The idea of linking gravity with the quantum vacuum was suggested by
Russian physicist Andrei Sakharov in 1968 and has been developed
recently by Puthoff. Haisch and Rueda's latest project is to connect
this idea with their work on inertia.
It's still highly speculative, but they think they can
explain away gravity as an effect of electromagnetic forces.
Oscillating charges in a chunk of matter affect the charged virtual
particles in the vacuum. This polarised vacuum then exerts a force on
the charges in another chunk of matter. In this rather tortuous manner
the two chunks of matter attract each other. "This might explain why
gravity is so weak," says Haisch. "One mass does not pull directly on
another mass but only through the intermediary of the vacuum."
Einstein's theory of general relativity already explains
gravity beautifully in terms of the warping of space-time by matter,
so this "geometrical" description ought to be compatible with the
quantum-vacuum picture. Haisch points out that the curvature of space
can only be inferred from the bending of the paths of light rays. But
the polarised vacuum would bend light paths, just as a piece of glass
does when light enters or leaves it.
"The warpage of space might be equivalent to a variation
in the refractive index of the vacuum," Haisch conjectures. "In this
way, all the mathematics of general relativity could stay, intact,
since space-time would look as if it were warped." And all the strange
predictions of general relativity, such as black holes and
gravitational waves, would be manifestations of this polarised vacuum.

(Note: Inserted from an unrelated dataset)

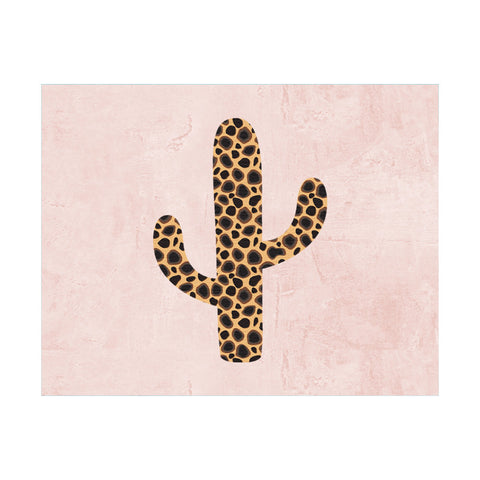 Mousepad, Leopard Cactus, Cactus Mousepad, Leopard Print Mousepad, Gift For Her, Mother's Day Gift, Cactus Gift, Office Decor, Coworker Gift - Chase Me Tees LLC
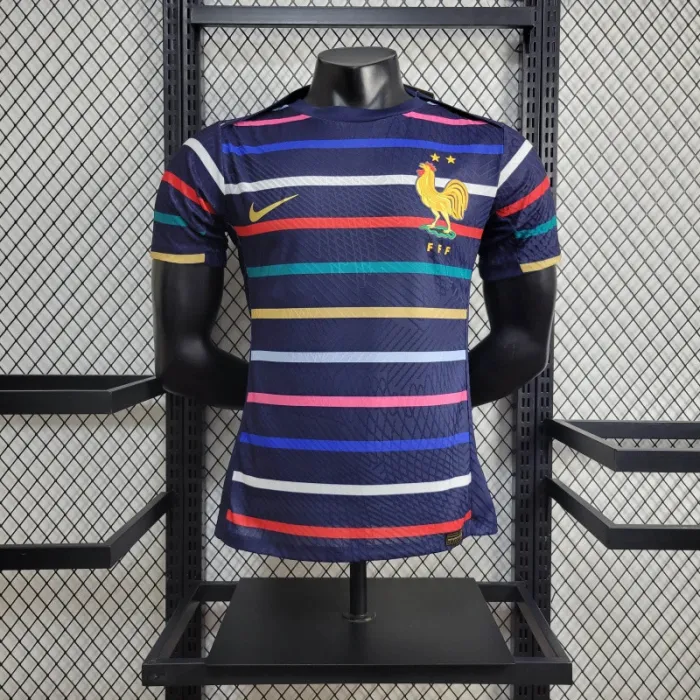 Player France Training Kit 24/25 Euro Cup 2024 Football Jersey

If they can get their idea to work, Haisch and Rueda
will have a theory of quantum gravity -- the long-sought marriage of
Einstein's general relativity with quantum mechanics. It would finally
allow physicists to understand the first moments after the big bang,
and the crushing singularity at the core of a black hole.
That just leaves rest mass, the kind of mass that's
equivalent to energy. According to Haisch, the Higgs might not be
needed to explain rest mass at all. The inherent energy in a particle
may be a result of its jittering motion, the buffeting caused by
virtual particles in the vacuum.
"A massless particle may pick up energy from it, hence
acquiring what we think of as rest mass," he says. If this were the
case, all three facets of mass would be different aspects of the
battering of the quantum vacuum. "It would be a tidy package."

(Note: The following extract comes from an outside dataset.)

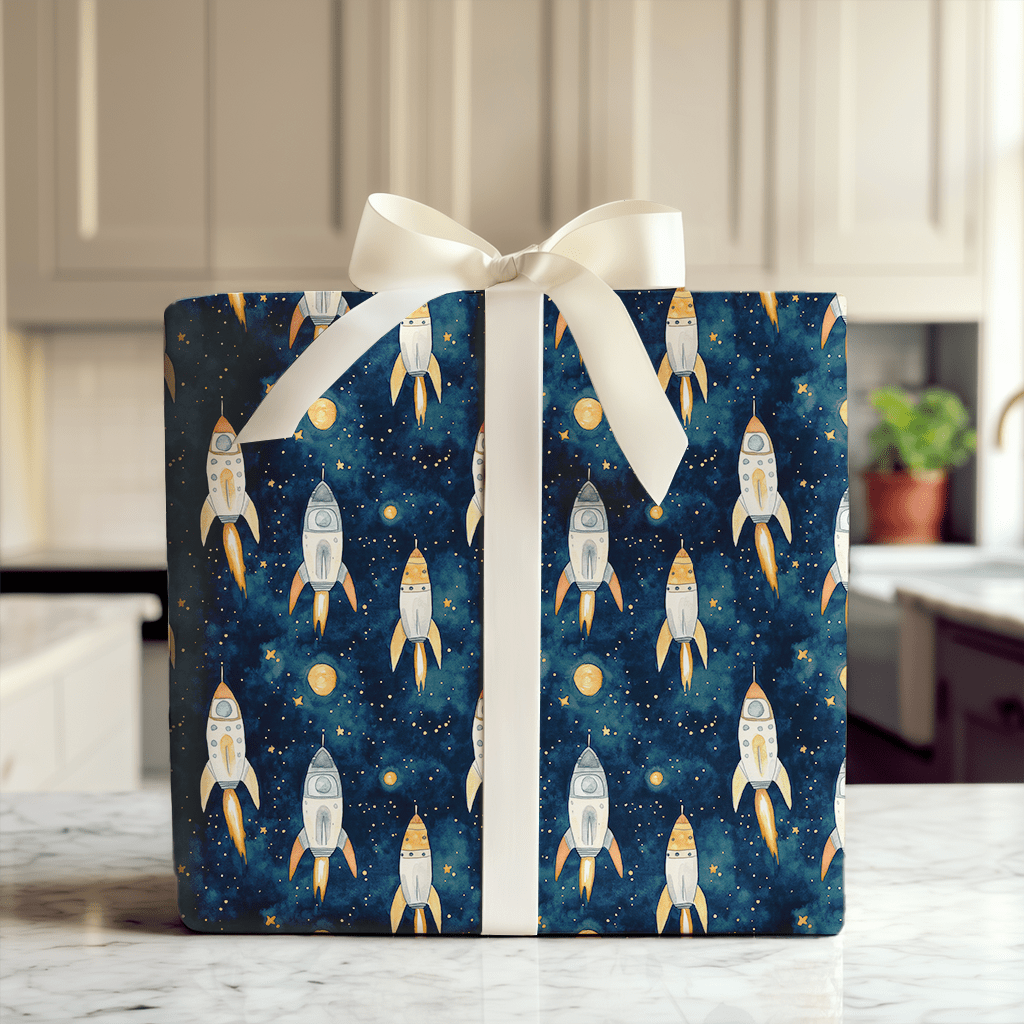 To the Moon and Cake - Wrapping Paper - Aspen & Arlo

It may be that there is no explanation for inertial and
gravitational mass. They may just come hand in hand with rest mass.

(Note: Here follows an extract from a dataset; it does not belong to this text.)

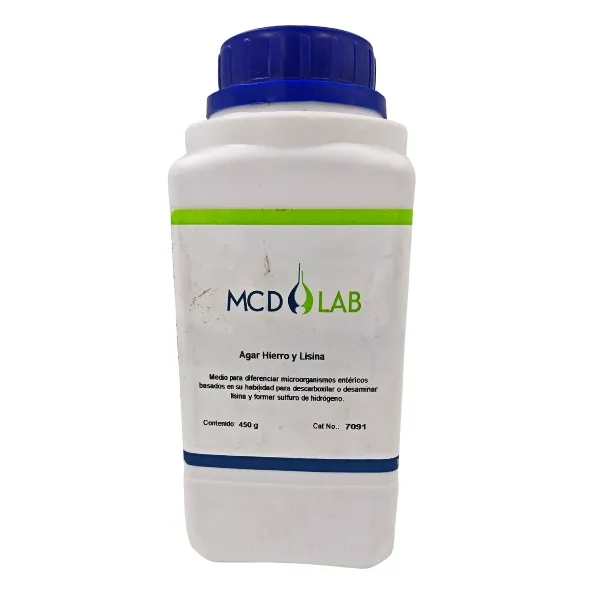 Agar hierro y lisina Marca MCD LAB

This is what many particle physicists believe. "Some people think
Haisch and Rueda are on the right track, others think they are on a
wild goose chase," says Paul Wesson, an astrophysicist at the
University of Waterloo in Ontario, Canada.
But if gravitational and inertial mass do emerge from
the vacuum, perhaps we could take control of them. It might be
possible to cancel mass, creating an inertia-less drive that could
accelerate a spaceship to nearly the speed of light in the blink of an
eye.
To do this we would have to exclude quantum fluctuations
from a region where there is matter -- blow a bubble in the vacuum.
Haisch doesn't know if that is possible. "Nature does not abhor a
vacuum," he says. "However, it may abhor a vacuum in the vacuum."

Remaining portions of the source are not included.